■ **Try it**:
Could you set down the lines below, from the one containing "Try Delicious Cuisine at Outdoor Dining" through the final line, exactly as written?

[Records from a data source]

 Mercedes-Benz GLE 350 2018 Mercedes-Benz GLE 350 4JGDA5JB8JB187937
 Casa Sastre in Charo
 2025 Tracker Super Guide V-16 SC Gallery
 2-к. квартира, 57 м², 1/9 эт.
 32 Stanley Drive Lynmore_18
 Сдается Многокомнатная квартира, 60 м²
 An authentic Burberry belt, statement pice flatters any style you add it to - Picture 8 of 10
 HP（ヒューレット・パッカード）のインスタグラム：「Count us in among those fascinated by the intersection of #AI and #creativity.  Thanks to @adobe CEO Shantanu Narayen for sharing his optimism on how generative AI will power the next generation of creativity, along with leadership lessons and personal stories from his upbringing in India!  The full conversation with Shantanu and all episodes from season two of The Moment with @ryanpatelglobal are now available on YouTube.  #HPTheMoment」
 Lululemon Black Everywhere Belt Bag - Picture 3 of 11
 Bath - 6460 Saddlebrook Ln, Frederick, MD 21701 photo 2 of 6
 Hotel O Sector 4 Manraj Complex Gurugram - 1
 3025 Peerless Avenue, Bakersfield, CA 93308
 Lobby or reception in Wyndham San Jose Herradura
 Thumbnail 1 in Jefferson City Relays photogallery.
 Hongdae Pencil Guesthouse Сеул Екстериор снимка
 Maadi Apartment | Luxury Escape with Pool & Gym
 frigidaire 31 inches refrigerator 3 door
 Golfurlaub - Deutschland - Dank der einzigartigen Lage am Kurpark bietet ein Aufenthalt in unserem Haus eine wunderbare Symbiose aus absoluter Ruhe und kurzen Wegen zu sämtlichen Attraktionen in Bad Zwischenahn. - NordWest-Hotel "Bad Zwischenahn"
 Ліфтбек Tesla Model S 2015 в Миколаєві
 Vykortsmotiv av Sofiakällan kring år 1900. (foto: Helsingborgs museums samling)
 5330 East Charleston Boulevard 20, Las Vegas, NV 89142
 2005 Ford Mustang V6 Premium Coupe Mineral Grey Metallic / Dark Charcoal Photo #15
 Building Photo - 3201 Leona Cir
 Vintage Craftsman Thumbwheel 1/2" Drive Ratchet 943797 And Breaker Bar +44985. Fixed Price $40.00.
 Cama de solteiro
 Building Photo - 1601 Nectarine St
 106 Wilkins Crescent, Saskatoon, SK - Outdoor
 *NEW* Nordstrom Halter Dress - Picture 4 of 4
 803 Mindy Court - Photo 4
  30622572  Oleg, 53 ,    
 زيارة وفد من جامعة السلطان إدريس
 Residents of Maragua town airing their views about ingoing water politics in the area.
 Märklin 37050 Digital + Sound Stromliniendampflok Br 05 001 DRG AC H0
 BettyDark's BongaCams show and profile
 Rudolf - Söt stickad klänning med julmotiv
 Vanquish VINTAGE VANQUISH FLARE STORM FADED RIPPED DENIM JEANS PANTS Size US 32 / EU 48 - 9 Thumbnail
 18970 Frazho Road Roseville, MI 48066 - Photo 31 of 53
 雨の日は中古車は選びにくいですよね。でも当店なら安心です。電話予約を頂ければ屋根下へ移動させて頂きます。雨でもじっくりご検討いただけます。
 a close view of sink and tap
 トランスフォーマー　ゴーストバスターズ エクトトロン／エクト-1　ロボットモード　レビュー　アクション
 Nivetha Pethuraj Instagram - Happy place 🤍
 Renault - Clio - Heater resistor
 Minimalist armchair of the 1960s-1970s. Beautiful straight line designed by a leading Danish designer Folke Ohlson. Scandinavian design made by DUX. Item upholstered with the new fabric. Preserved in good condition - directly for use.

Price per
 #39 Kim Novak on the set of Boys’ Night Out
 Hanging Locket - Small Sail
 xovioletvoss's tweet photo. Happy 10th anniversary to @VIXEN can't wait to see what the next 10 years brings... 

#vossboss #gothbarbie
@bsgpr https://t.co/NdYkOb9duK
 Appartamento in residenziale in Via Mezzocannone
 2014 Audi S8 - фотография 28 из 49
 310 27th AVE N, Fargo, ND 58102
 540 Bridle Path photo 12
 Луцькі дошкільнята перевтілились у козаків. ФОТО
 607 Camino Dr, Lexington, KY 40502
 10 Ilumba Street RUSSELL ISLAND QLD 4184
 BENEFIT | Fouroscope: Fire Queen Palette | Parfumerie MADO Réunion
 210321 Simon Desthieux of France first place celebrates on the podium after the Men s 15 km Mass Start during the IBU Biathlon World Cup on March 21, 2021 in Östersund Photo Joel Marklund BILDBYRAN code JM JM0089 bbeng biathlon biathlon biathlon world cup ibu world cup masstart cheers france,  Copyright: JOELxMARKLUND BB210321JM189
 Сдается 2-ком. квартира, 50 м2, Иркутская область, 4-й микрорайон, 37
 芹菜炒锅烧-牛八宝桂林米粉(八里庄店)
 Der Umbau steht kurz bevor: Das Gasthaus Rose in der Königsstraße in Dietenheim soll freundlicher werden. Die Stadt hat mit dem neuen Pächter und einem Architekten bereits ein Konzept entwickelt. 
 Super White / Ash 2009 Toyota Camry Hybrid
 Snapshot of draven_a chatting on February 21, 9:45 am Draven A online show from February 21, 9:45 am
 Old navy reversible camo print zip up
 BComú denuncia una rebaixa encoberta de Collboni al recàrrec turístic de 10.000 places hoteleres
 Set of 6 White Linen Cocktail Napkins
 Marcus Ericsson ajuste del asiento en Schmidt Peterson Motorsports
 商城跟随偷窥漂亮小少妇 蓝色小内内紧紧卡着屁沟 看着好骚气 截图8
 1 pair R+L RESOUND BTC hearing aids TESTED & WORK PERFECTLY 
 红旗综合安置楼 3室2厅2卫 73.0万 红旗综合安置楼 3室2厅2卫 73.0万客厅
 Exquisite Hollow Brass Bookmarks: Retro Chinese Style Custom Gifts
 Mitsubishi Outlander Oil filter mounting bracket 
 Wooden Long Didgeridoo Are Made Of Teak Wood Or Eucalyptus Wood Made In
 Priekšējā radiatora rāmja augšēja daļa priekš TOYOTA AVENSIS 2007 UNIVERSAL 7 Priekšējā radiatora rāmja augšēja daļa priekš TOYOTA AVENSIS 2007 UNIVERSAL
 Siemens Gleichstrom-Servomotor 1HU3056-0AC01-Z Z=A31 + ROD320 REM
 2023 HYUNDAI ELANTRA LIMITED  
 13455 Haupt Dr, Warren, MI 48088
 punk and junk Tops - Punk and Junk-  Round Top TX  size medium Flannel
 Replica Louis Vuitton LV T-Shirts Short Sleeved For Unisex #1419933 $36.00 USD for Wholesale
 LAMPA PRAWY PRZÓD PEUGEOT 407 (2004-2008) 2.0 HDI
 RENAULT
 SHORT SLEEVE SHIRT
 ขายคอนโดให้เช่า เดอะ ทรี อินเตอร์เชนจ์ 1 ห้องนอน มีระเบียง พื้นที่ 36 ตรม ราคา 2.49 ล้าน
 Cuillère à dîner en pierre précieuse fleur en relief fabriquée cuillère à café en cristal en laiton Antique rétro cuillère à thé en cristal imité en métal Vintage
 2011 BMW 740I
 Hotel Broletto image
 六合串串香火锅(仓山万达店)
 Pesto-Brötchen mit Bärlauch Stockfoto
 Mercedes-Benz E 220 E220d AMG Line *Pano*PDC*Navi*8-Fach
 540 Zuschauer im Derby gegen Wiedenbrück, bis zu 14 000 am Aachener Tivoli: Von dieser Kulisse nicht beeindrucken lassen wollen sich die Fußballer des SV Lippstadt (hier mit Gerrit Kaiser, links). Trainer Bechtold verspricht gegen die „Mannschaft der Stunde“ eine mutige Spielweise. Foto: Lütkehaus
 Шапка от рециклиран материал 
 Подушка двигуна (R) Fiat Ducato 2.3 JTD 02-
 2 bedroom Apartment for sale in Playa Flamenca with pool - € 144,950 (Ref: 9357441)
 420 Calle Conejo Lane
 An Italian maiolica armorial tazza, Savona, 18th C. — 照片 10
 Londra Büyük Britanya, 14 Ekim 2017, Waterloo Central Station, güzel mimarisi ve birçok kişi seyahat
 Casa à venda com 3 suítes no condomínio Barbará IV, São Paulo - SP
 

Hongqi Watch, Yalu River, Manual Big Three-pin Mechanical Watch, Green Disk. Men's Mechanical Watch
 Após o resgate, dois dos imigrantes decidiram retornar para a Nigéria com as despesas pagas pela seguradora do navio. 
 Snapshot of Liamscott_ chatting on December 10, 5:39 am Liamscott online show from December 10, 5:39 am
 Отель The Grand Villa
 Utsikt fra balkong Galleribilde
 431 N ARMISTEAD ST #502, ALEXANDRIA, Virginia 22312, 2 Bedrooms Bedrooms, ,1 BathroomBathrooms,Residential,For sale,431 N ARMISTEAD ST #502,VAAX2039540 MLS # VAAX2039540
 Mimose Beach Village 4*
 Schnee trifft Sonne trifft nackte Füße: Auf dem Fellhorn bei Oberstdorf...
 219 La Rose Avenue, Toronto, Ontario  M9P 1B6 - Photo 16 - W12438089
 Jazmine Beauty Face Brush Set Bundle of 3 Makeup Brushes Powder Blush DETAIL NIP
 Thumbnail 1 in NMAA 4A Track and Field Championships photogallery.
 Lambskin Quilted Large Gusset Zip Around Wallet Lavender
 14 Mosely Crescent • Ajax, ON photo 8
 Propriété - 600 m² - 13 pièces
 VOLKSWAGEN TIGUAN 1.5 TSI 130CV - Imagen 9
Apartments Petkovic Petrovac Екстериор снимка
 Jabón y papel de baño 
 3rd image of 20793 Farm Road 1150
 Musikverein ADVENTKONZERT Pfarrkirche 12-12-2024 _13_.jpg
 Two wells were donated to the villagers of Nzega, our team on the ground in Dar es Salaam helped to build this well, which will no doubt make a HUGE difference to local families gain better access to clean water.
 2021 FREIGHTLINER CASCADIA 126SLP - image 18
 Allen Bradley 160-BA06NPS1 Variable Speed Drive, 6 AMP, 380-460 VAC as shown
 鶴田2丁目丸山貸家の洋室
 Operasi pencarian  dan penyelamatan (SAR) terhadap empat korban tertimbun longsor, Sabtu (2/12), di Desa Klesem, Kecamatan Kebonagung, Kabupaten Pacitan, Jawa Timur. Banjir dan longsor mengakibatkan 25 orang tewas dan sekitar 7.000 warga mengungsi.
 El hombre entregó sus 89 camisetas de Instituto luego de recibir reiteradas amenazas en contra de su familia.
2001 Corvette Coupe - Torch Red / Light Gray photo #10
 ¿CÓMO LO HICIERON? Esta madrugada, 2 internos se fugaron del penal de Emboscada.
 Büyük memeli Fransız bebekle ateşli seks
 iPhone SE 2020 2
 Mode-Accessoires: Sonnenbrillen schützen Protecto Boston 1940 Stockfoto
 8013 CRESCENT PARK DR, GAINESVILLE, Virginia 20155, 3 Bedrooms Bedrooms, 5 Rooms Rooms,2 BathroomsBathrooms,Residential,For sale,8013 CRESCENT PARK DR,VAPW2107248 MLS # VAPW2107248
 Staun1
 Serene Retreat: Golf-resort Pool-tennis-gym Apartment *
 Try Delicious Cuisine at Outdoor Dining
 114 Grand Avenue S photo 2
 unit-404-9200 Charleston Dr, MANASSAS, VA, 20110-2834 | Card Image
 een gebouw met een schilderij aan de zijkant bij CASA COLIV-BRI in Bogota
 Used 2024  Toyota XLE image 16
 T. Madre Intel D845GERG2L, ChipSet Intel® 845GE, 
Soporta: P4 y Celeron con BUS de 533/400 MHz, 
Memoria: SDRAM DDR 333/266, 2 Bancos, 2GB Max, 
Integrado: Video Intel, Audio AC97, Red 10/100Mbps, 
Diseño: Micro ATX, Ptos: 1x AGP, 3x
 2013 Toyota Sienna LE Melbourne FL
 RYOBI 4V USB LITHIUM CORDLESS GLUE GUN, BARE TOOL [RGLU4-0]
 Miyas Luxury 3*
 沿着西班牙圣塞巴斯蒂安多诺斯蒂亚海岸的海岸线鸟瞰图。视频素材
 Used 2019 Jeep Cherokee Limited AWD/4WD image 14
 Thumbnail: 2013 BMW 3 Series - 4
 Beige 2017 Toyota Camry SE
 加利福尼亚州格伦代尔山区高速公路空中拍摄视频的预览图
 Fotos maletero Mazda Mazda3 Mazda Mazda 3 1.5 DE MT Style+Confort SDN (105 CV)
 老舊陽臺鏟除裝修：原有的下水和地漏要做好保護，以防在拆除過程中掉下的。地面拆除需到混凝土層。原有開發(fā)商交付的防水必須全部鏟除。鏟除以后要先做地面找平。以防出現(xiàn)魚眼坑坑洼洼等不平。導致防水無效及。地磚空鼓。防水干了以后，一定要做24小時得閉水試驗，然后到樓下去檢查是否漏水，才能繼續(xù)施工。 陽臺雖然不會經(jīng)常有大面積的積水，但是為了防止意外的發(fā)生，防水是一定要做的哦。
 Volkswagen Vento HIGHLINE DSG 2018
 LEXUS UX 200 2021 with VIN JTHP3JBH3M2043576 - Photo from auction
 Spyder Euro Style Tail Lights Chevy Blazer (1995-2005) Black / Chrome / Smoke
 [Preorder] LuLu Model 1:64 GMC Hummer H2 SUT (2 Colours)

■ **Result of the exercise**:
 Try Delicious Cuisine at Outdoor Dining
 114 Grand Avenue S photo 2
 unit-404-9200 Charleston Dr, MANASSAS, VA, 20110-2834 | Card Image
 een gebouw met een schilderij aan de zijkant bij CASA COLIV-BRI in Bogota
 Used 2024  Toyota XLE image 16
 T. Madre Intel D845GERG2L, ChipSet Intel® 845GE, 
Soporta: P4 y Celeron con BUS de 533/400 MHz, 
Memoria: SDRAM DDR 333/266, 2 Bancos, 2GB Max, 
Integrado: Video Intel, Audio AC97, Red 10/100Mbps, 
Diseño: Micro ATX, Ptos: 1x AGP, 3x
 2013 Toyota Sienna LE Melbourne FL
 RYOBI 4V USB LITHIUM CORDLESS GLUE GUN, BARE TOOL [RGLU4-0]
 Miyas Luxury 3*
 沿着西班牙圣塞巴斯蒂安多诺斯蒂亚海岸的海岸线鸟瞰图。视频素材
 Used 2019 Jeep Cherokee Limited AWD/4WD image 14
 Thumbnail: 2013 BMW 3 Series - 4
 Beige 2017 Toyota Camry SE
 加利福尼亚州格伦代尔山区高速公路空中拍摄视频的预览图
 Fotos maletero Mazda Mazda3 Mazda Mazda 3 1.5 DE MT Style+Confort SDN (105 CV)
 老舊陽臺鏟除裝修：原有的下水和地漏要做好保護，以防在拆除過程中掉下的。地面拆除需到混凝土層。原有開發(fā)商交付的防水必須全部鏟除。鏟除以后要先做地面找平。以防出現(xiàn)魚眼坑坑洼洼等不平。導致防水無效及。地磚空鼓。防水干了以后，一定要做24小時得閉水試驗，然后到樓下去檢查是否漏水，才能繼續(xù)施工。 陽臺雖然不會經(jīng)常有大面積的積水，但是為了防止意外的發(fā)生，防水是一定要做的哦。
 Volkswagen Vento HIGHLINE DSG 2018
 LEXUS UX 200 2021 with VIN JTHP3JBH3M2043576 - Photo from auction
 Spyder Euro Style Tail Lights Chevy Blazer (1995-2005) Black / Chrome / Smoke
 [Preorder] LuLu Model 1:64 GMC Hummer H2 SUT (2 Colours)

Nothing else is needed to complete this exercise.